### [MATERIAL TO PROCESS]
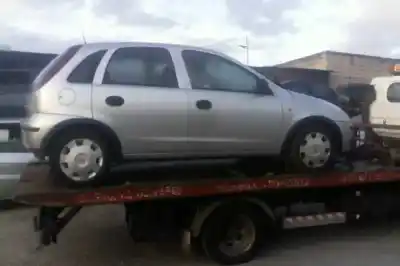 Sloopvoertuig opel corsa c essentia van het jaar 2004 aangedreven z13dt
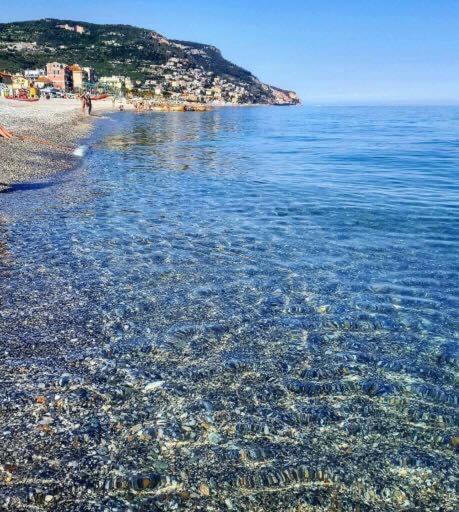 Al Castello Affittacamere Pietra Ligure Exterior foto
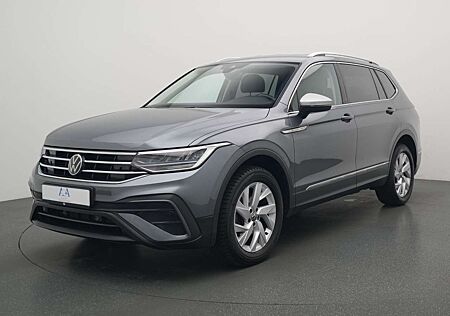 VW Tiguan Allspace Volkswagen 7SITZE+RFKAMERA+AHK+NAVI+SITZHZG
---
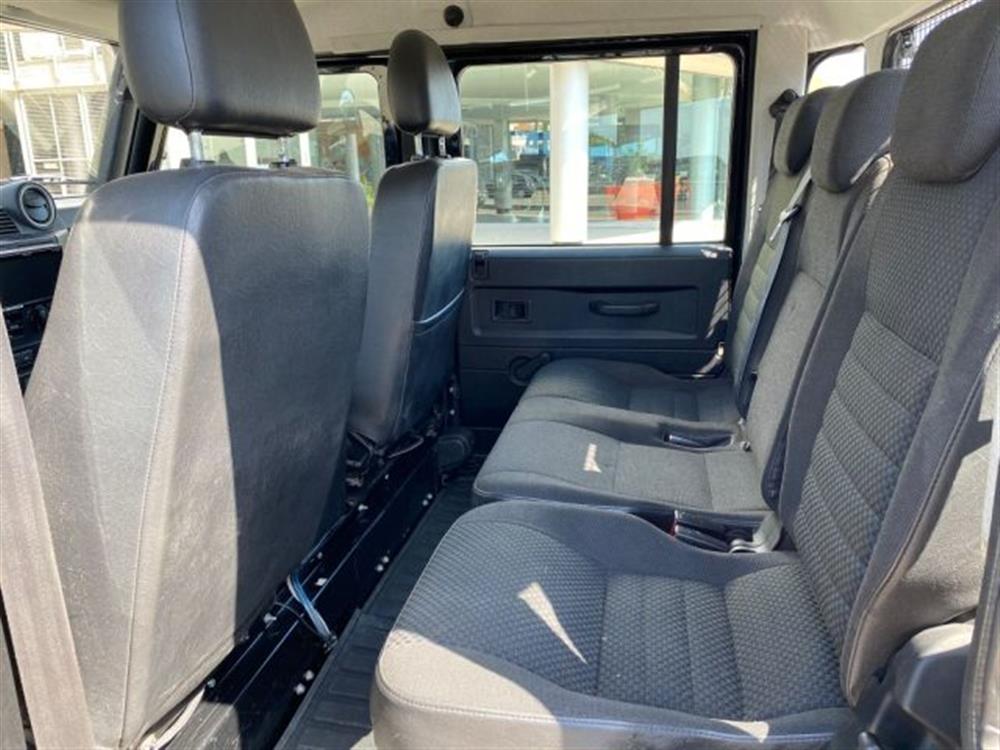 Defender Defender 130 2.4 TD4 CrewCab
--
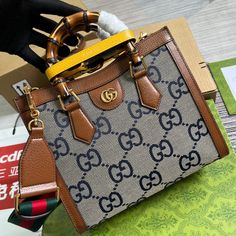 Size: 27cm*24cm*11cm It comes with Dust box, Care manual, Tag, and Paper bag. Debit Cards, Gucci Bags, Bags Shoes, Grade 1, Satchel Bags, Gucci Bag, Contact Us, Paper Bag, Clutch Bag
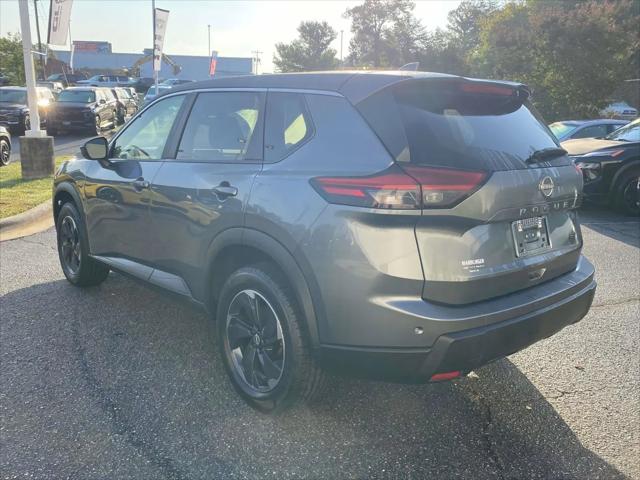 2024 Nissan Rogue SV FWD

### [TASK TO CARRY OUT]
Only the lines above starting with the line with "Sloopvoertuig opel corsa" and going on through the line with "VW Tiguan Allspace" belong in the answer; repeat them exactly, minus any picture.

### [ANSWER SPACE]
 Sloopvoertuig opel corsa c essentia van het jaar 2004 aangedreven z13dt
 Al Castello Affittacamere Pietra Ligure Exterior foto
 VW Tiguan Allspace Volkswagen 7SITZE+RFKAMERA+AHK+NAVI+SITZHZG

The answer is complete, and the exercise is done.